Yamakawa Kikue was an essayist, activist, and socialist feminist who contributed to the development of feminism in modern Japan. The first head of the Women's and Minors' Bureau of the Ministry of Labor. She is also known for being one of the founding members of the socialist group Sekirankai (Red Wave Society).
Background
Yamakawa Kikue was born on November 3, 1890 in a progressive-minded samurai family from Tokyo, Japan. Her father Morita Ryunosuke, was born to the family of samurai of the lowest rank in the Matsue Domain (present Matsue City, Shimane Prefecture) and worked as an interpreter in the army, and later he managed a meat business. Her mother, Morita Chiyo, was the daughter of Aoyama Enju who was a Confucian scholar in the Mito Domain. Chiyo had a passion for learning and graduated from Tokyo Women's Higher Nomar School (present Ochanomizu University) as a first-generation student of the school. Yamakawa Kikue had an older sister (Matsue), brother (Toshio), and younger sister (Shizue).
Education
In 1908, Yamakawa Kikue attended the private women's college Joshi Eigaku Juku (present Tsuda Juku University) in Tokyo. According to one of her teachers, she almost failed college because when she took the entrance exam, she wrote a resolution that she would work for the liberation of women.
In the first year of the college, Yamakawa Kikue visited a spinning mill factory with her Christian acquaintances and was shocked to see female workers work in terrible working conditions. When she heard Christian lecturers worship the work there, she was outraged about the lecture because she did not understand the idea that people still should appreciate work even if they work in the terrible conditions. This experience made her realize that religion could not solve the factory women's poor lives, women's issues, and social problems.
This experience fueled her future course of action and awakened her to socialism and social science. After her graduation in 1912, Yamakawa worked in a publishing company as a part-time worker, engaging in making an English dictionary and translation.
Career
After her graduation in 1912, Yamakawa worked in a publishing company as a part-time worker, engaging in making an English dictionary and translation. In 1920 Yamakawa Kikue joined Sekirankai (Socialist Party) and helped her husband Hitoshi Yamakawa edit and publish Rona magazine and also began agitating for the liberation of women.
She was one of the most visible socialist women and was engaged in activism of women's and workers' rights. Upon establishment of the Ministry of Labor she was appointed the first director of its Women and Juvenile Bureau in 1947 from which she resigned in 1951. After the service, she engaged in research of the liberation of women and women's issues with younger researchers in addition to publishing and organizing committees for women's issues.

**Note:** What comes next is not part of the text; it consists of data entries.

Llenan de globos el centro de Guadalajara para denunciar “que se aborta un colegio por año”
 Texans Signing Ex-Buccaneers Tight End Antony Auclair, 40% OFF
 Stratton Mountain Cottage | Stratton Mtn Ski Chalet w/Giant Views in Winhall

Yamakawa Kikue are also known as the author of many works and essays on the subject of socialism and women's rights. Among her works are "Modern Life and Women" and "Socialism and the Women's Movement."
Views
Involved in feminist discourse before the onset of war, Yamakawa contributed to the debate on motherhood. While many women–and certainly many men–viewed women’s procreative abilities as necessary for the state, Yamakawa supported instead independence for mothers. She also promoted socialist values, critiquing Japanese capitalism for its co-optation of female reproductive labor. To Yamakawa, the main flaw of other feminist stances of the time was their exclusion of lower and working-class women. Many of the reforms of other feminists, she thought, benefited only the bourgeois class; socialist revolution was necessary were women from other classes to be included.
During the war, Yamakawa was constantly critical of other feminists. She decried their support for the war and their willingness to sacrifice their children on the battlegrounds. Rather than making a display of eager patriotism in the hopes of gaining state recognition for women (as did Ichikawa Fusae, Hiratsuda Raicho, and others), she and her husband left the political realm for the countryside and farmed quails until the war ended.